• _Collected material_
********************

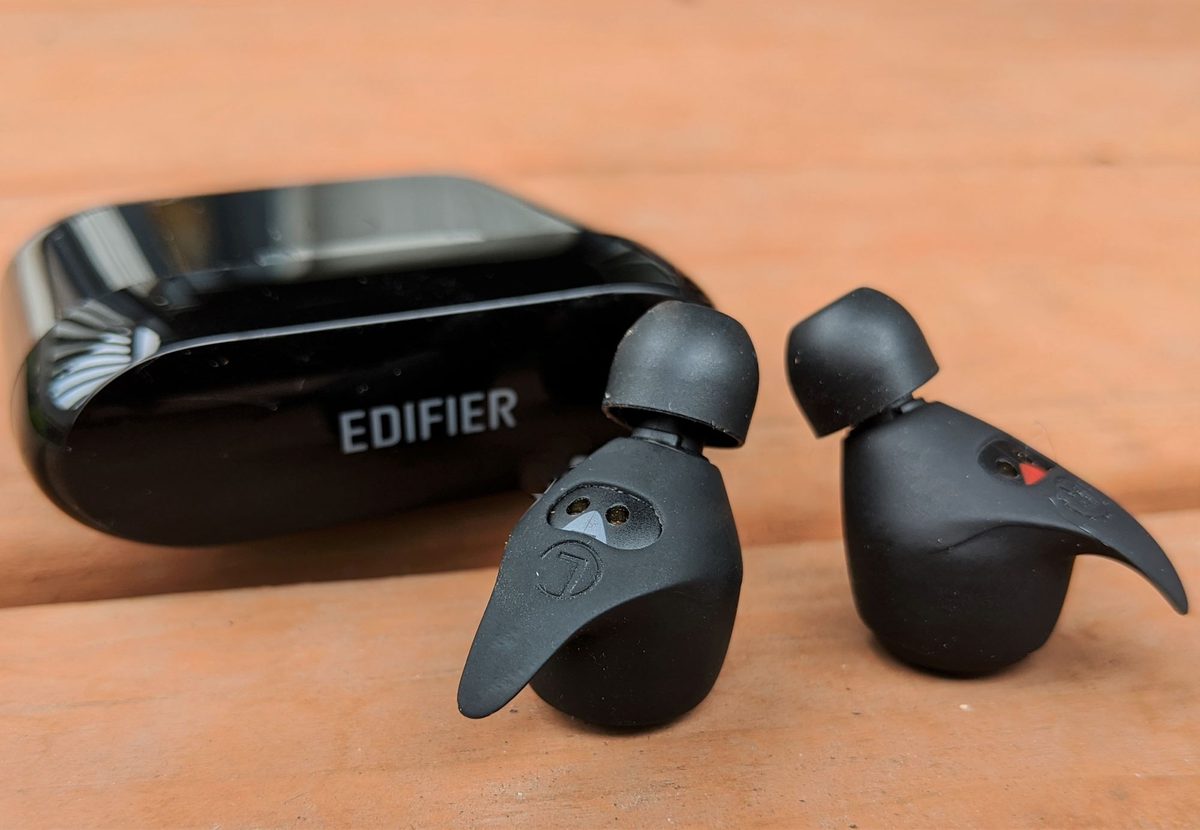 Edifier TWS6 earbuds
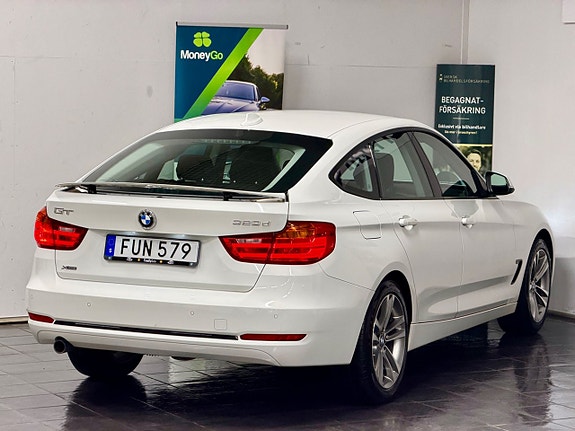 BMW 320d 4 of 16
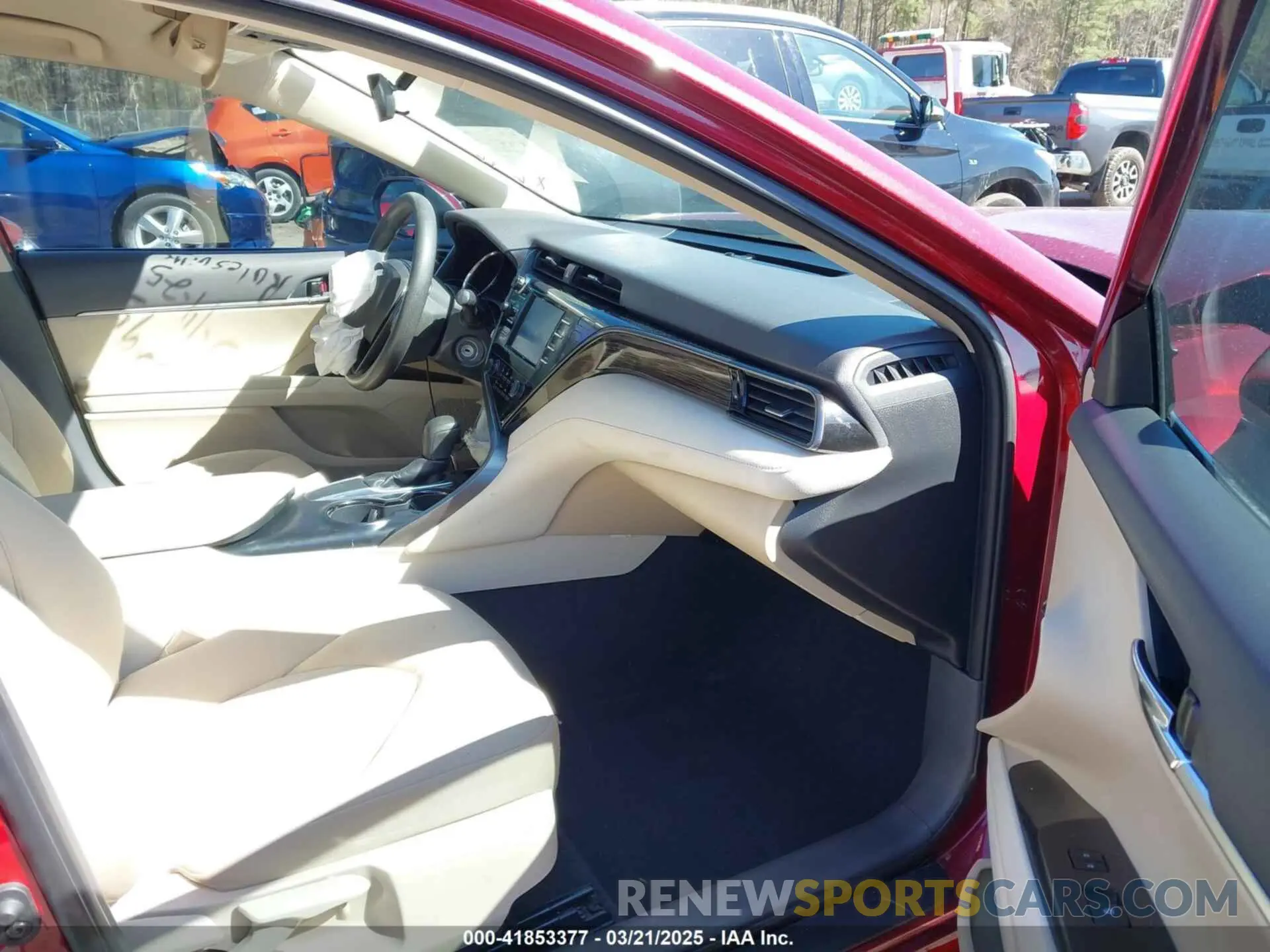 5 fotografías del automóvil dañado 4T1B11HK9KU708126 TOYOTA CAMRY 2019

********************

• _Exercise aim_
Output the data above exactly. Drop every picture.

• _Response to the exercise_
 Edifier TWS6 earbuds
 BMW 320d 4 of 16
 5 fotografías del automóvil dañado 4T1B11HK9KU708126 TOYOTA CAMRY 2019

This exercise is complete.